We walk under crenelations
of iron bars and construction, side-stepping
police roadblocks, deeper into the street, splinters
sanded off wooden balconies
high above our heads, crowds
leaning over and shouting, taunting dangling necklaces.
I'm tired and won't bare any skin, so I miss a catch at one strand of beads,
plastic gold with fish strung together.
I take it from the ground,
so it won't crunch under our feet, tips of fingers
dipping into the concrete wet
from urine and spilled drinks or flood water,
carried inside the soles of shoes, tripping, dancing, and dripping.

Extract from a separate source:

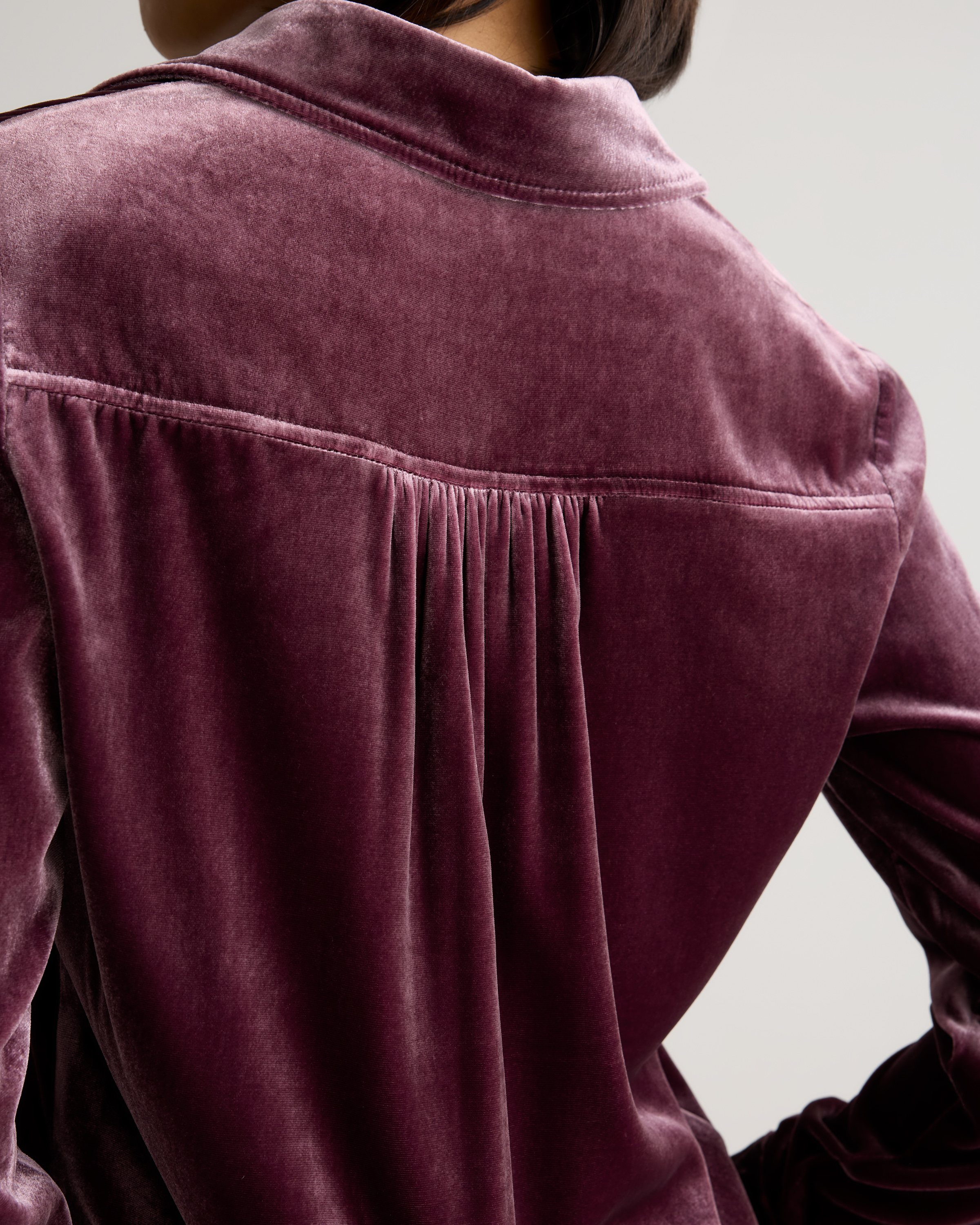 Stretch Silk Velvet Long Sleeve Shirt — Image 26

The necklace dampens my collar bones, pinches
the hair at the back of my neck.
A fifth of whiskey in the stereotypical brown paper bag,
mouth and mouth and mouth over the bottle neck.
Breaking the law without a plastic cup.
You can be dizzy drunk on the pavement
but broken glass cuts
and sticks into the bottom of flip-flops
as we walk along the streets.
A girl in fishnets and no shoes waits on a patch of carpet
at a doorway, all red light. She doesn't smile.
A train of drunks
wait in line at the Krystal Burger, stupor-standing,
dropping the laminated menus to the floor, again and again.

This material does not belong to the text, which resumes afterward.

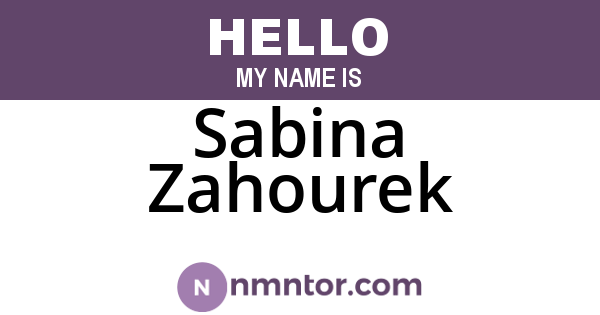 Sabina Zahourek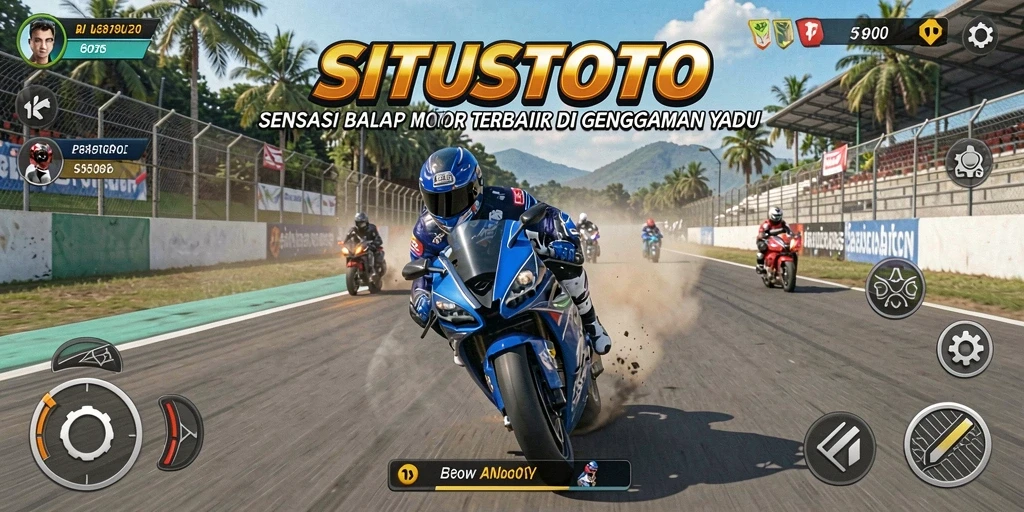 Tampilan gameplay seru dari <strong>SITUSTOTO</strong> saat balapan motor di trek yang menantang.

I've never heard orders for meals less brief,
the numbers and sizes of combos giggling, out of grasp.
A police officer up the white stairs.
A drunk man all stagger and teeth grin, at the end of the line,
Hey, hey,
you should shoot my friend. Because it'd be funny
if you shot my friend.
Tiny, square burgers in my fingers.
Five fries in a box. No more money.
We eat in front of the garbage can, and go.
A girl, prosthetic arm and test tube of blue Jaeger
takes the shot wrong, sipping instead of tilting her head.
On the street, people in dresses everywhere,
pretty sundresses fit for bonnets
in the wet, dark streets.
Kelly barters for a beaded belly dancer dress at the Voo Doo Mart,
thirty for you, twenty-five for you, you can't get
a better deal. Emaciated singer at a Bachelorette party,
rib bones, in a bar where we go to pee.
She holds a badly-painted plastic blow-up doll in an armpit, smiles
and sings rock songs
in a smoker's voice. From the bathrooms
we're pushed onto the back patio,
cigarette butts infesting the tile floor,
in the bellies of potted plants.
I suck on the blood from a chapped tear in my lip.
Back by 3 a.m., Kelly hiccups
as we try to sleep.
The mattress label sticks
to my sweaty-cold skin, and I tell her to shut up. And then we laugh.